Now begins the consideration of the main part of the program, which directly implements the algorithm considered in the work.
First, it is necessary to generate persistent communication requests for all MPI routines of collective communications of processes that will be called repeatedly.
Preprints 110244 i009
Line 29 creates the array requests, which will contain the values of the returned parameters, which, in turn, will be used to identify specific persistent communication requests for collective communications. Next, persistent communication requests are generated for the MPI routines Bcast() (lines 31–32), Scatterv() (lines 34–40), Reduce() (lines 42 —48), Gatherv() (lines 50–56).
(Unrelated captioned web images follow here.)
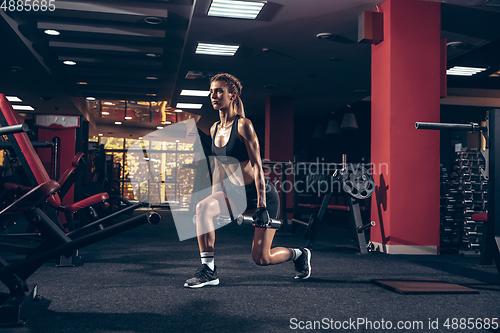 Image of Beautiful young sporty woman training, workout in gym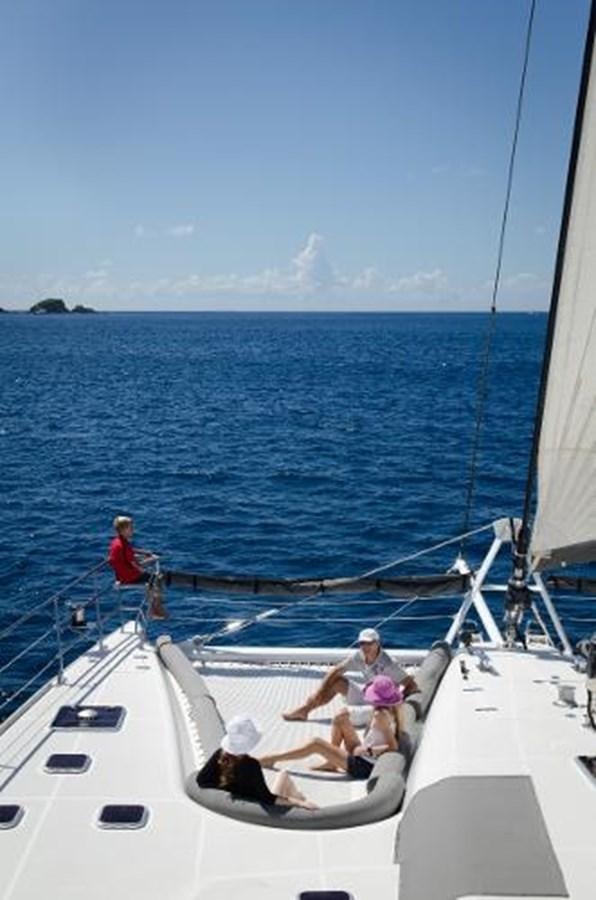 a group of people on a boat aboard 74' PRIVILEGE 2010 Yacht for Sale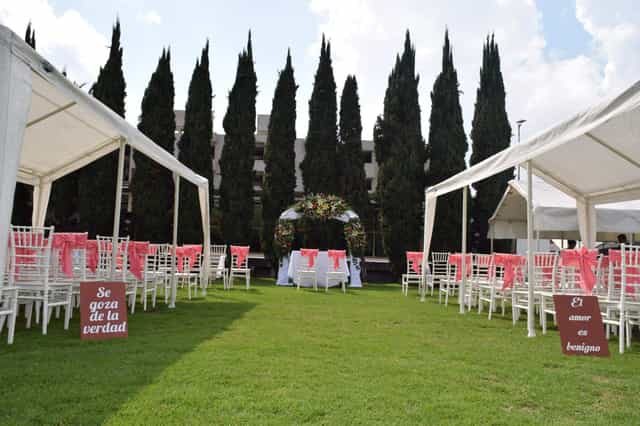 Outdoor wedding ceremony with Chiavari chairs at Salón y Jardín Los Pinos garden venue.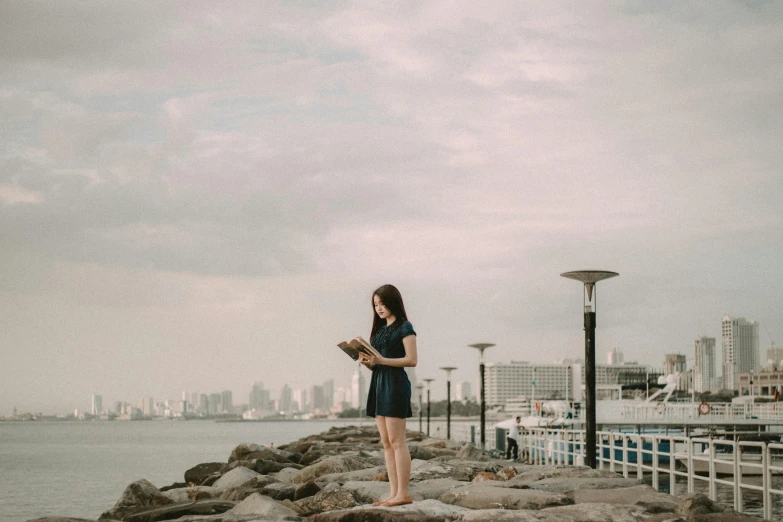 woman standing by a body of water and a pier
The generation of such persistent communication requests for collective communications is the same, so it will be explained only using the example of the formation of a persistent communication request for collective communication for the MPI routine Scatterv() (lines 34–40). Line 35 allocates memory space for the array x_temp only on the process with rank = 0 (this array will contain the values of the vector x, but the meaning of the postfix _temp will be explained later when filling this array with specific values). Its contents will not be used by other processes. But taking into account the fact that the array x_temp is an argument of the MPI routines Scatterv_init() (lines 39–40), which are called on all processes, the corresponding Python object must formally be initialized. This is done on line 37 for processes with rank >= 1. Line 38 allocates memory space for the array x_part.
It is necessary to note the following important point in the formation of persistent communication requests. The arguments of the corresponding functions are numpy-arrays (for example, in the case considered, the arrays x_temp and x_part), namely fixed memory areas associated with these arrays. When initializing generated communication requests using the MPI routine MPI.Prequest.Start(), all data will be taken/written to these memory areas, which are fixed once when the corresponding persistent communication request is generated. Therefore, it is necessary to first allocate space in memory for all arrays that are arguments to these functions; and during subsequent calculations, ensure that the corresponding calculation results are stored in the correct memory areas.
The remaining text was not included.